In the wake of a mass shooting in Nashville, Tennessee Gov. Bill Lee on Tuesday said he will sign an executive order strengthening background checks for gun purchases. The Republican also called for lawmakers to pass a red flag law that would temporarily remove guns from dangerous people.

“I’m asking the General Assembly to bring forward an order of protection law,” Lee told reporters, according to the Tennessean. “A new strong order of protection law will provide the broader population cover, safety, from those who are a danger to themselves or the population.”

“This is our moment to lead and to give the people of Tennessee what they deserve,” Lee said.

Lee said the executive order would set a 72-hour period for reporting new criminal activity and require that the courts submit timely information directly to the Tennessee Bureau of Investigation. It also would require that agency to examine the current process for purchasing firearms.

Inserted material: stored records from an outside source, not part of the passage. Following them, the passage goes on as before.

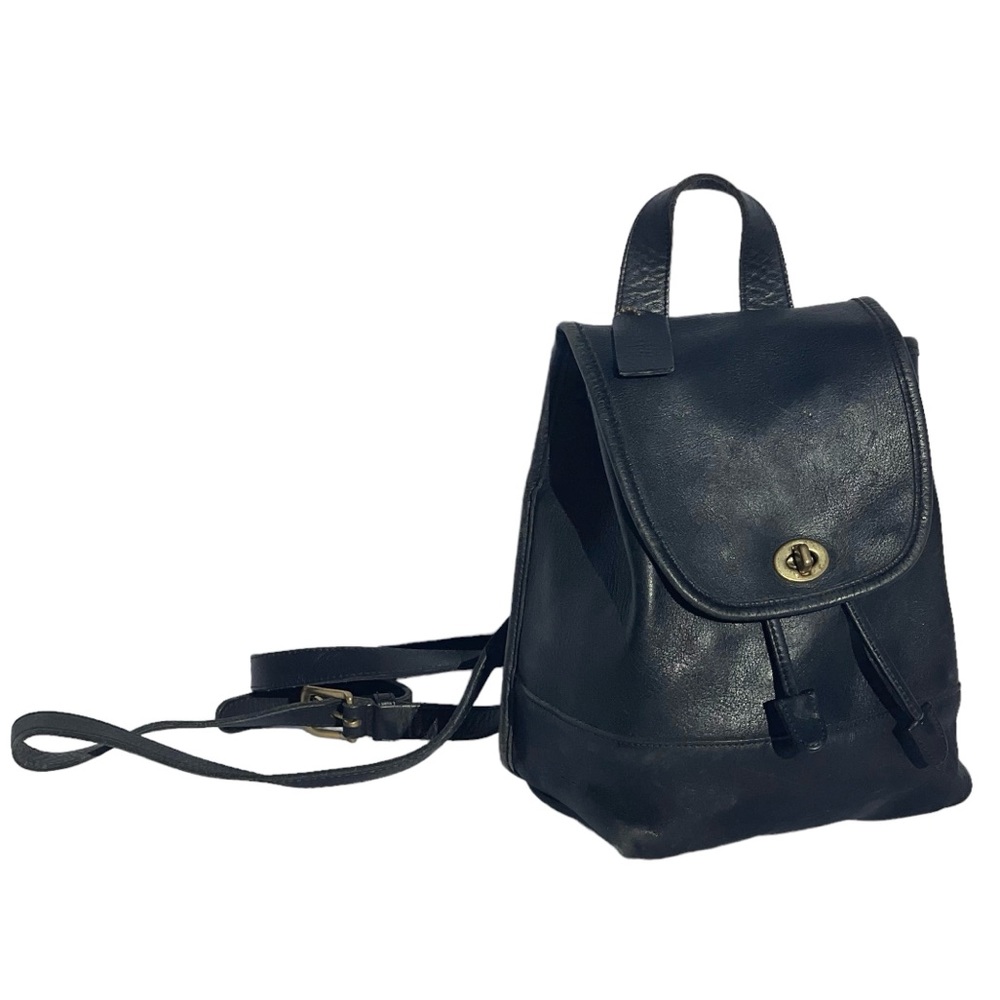 Vintage 90s Coach 9960 Turnkey Brass Black Leather Mini Backpack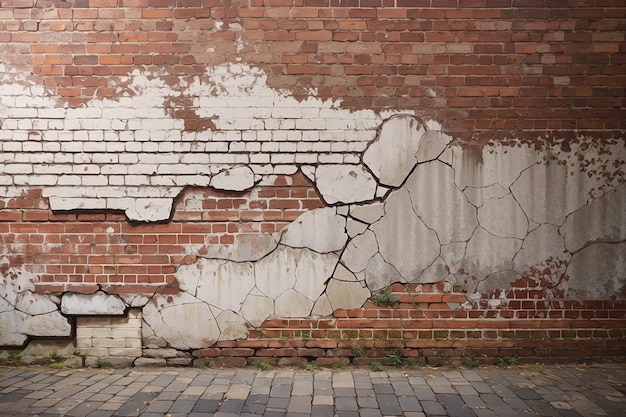 Cracked brick wall textured background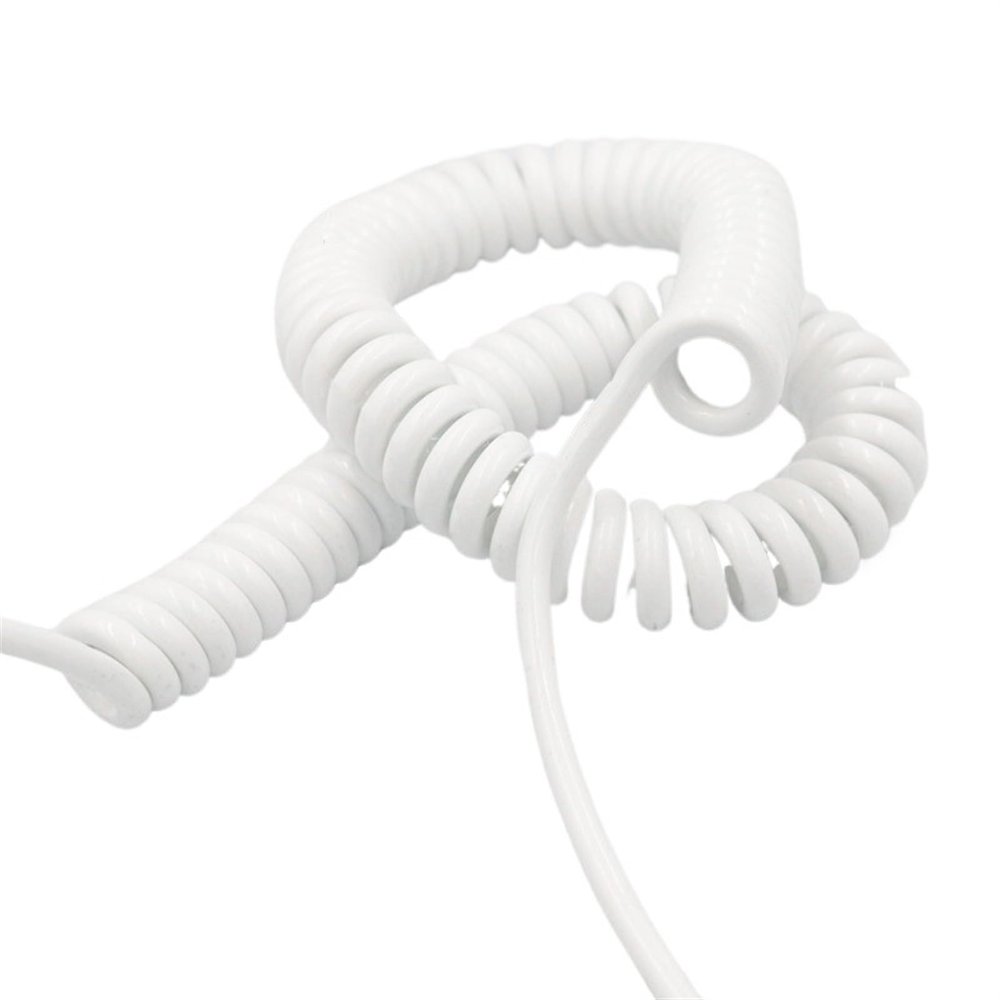 ACFFVBW Coiled Extension Cord, 0.15mm Square Spiral Telescopic Wire 8 Core 26AWG White Spring Cable Stretch 1 Meter to 15 Meters Spring Cable Spiral Extension(Stretch 6 Meter)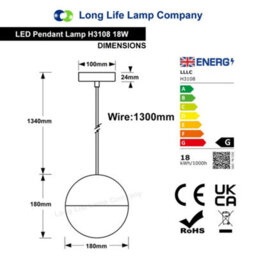 Long Life Lamps Company Led Ceiling Chrome Glass Globe Pendant Light Cct Natural Cool Warm White H3108 - thumbnail 2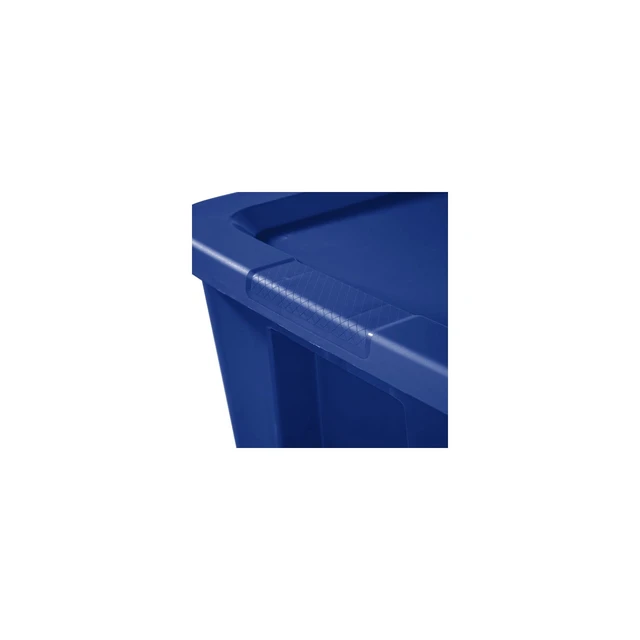 Alt view image 3 of 6 - Sterilite 18Gal. Plastic Storage Bin with Snap-on Lid, Blue Tote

The governor made the announcement amidst political turmoil in the state legislature over a GOP-led ouster of two Democrats for leading a gun reform protest inside the statehouse this month. The Nashville city council, a body that has sparred with Republicans in the legislature, reappointed one of the lawmakers, Rep. Justin Jones, to his seat on Monday. The second member, Rep. Justin Pearson, is expected to be reinstated this week as well.


While some GOP states such as Florida and Indiana have passed red flag laws in recent years, such legislation faces long odds in Tennessee, a deep red state with many Republican leaders strongly opposed to any effort that could be construed as limiting gun rights.

Still, Lee speculated that those attitudes may change in the aftermath of a local school shooting that left six people dead.

“I think everyone — leadership from speakers as well as other leaders — have expressed a desire to do something and move forward,” Lee said at the police precinct that responded to the Covenant School shooting, according to News Channel 5.

“I have challenged them to bring forward ideas and subsequently met with those leaders. I do believe we should get it done during this session.”

“This is our moment to lead and to give the people of Tennessee what they deserve,” Tennessee Gov. Bill Lee said.